***** Task data

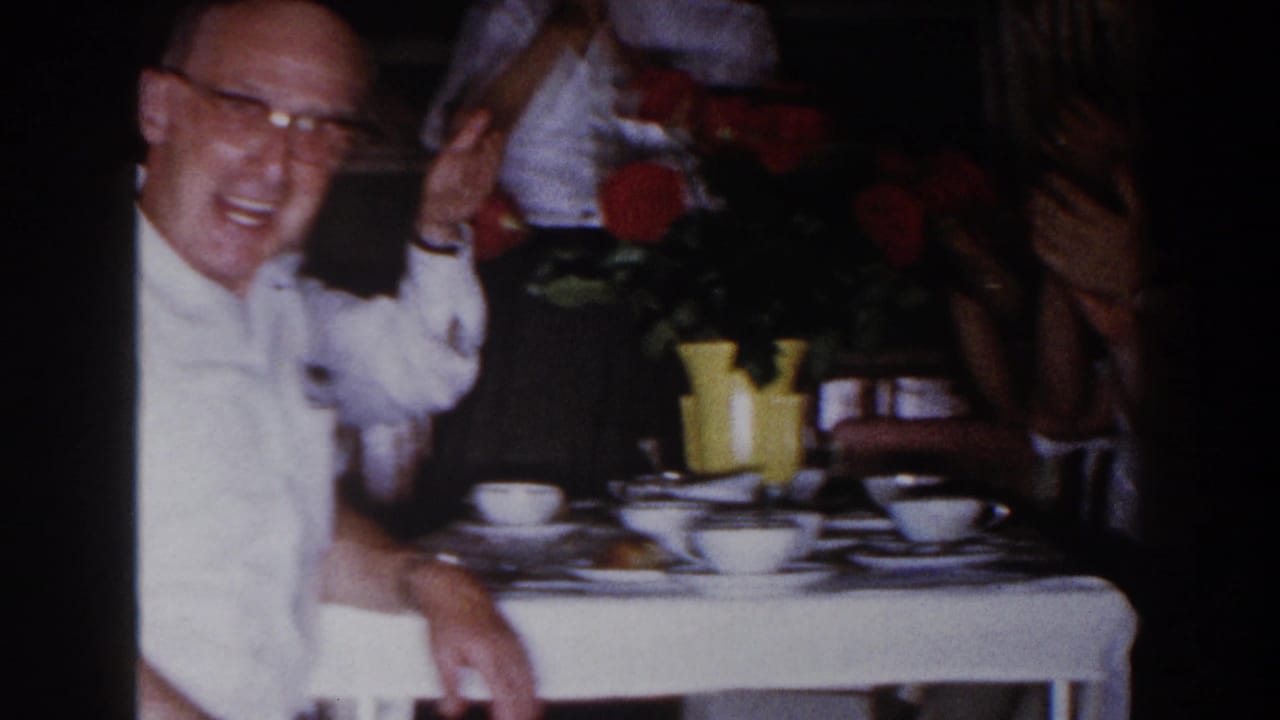 Smiling older man in glasses raises a cloth near a table with cups and flowers.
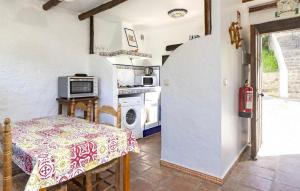 a small kitchen with a table and a stove at Casa Rural La Albahaca in Jimera de Líbar
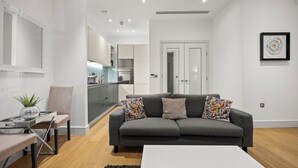 A modern living room with a grey sofa, a white coffee table, and a dining area with a glass table and chairs. - The Monument Retreat near Bank Station (London)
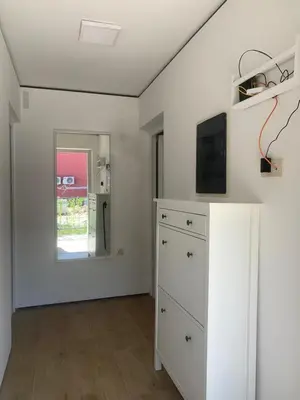 a living room with a tv and a dresser at Markovići Studio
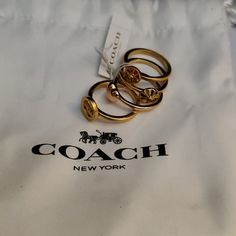 Nwt Coach Gold Plated 4 Set Of Rings In Size 7 With Dust Bag Everyday Gold Coach Jewelry, Coach Ring, Set Of Rings, Coach Jewelry, 7 Rings, Jewelry Ring, Womens Jewelry Rings, Ring Set, Ring Sets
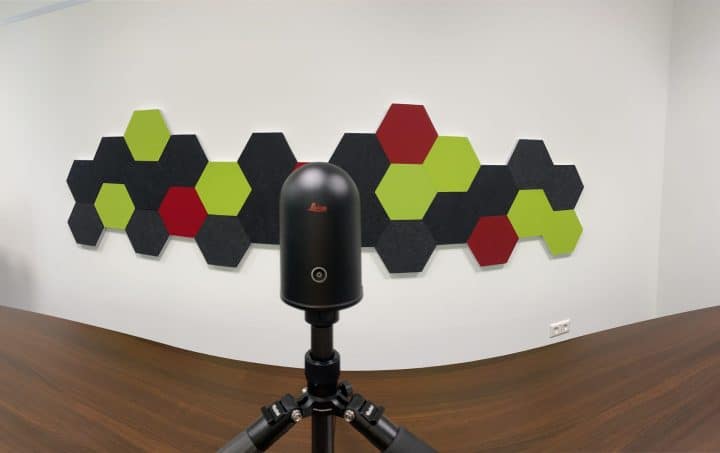 Leica 3D-Scanner auf Stativ vor bunten Hexagon-Akustikpaneelen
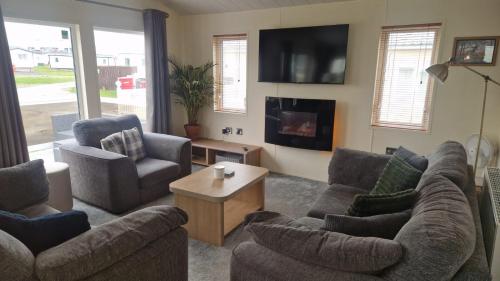 een woonkamer met twee banken en een tv bij Coastal Retreat Lodge in Morecambe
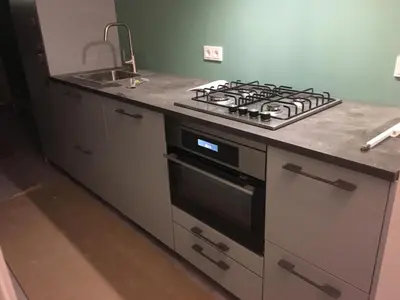 a kitchen with a stove top oven next to a sink at Amsterdam Beach Home 46 in Zandvoort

**********

All pictures are to be skipped. Output, word for word, the lines in the data above starting at the line containing "a living room" and ending at the line containing "Nwt Coach Gold".

* **Exercise solution**:
 a living room with a tv and a dresser at Markovići Studio
 Nwt Coach Gold Plated 4 Set Of Rings In Size 7 With Dust Bag Everyday Gold Coach Jewelry, Coach Ring, Set Of Rings, Coach Jewelry, 7 Rings, Jewelry Ring, Womens Jewelry Rings, Ring Set, Ring Sets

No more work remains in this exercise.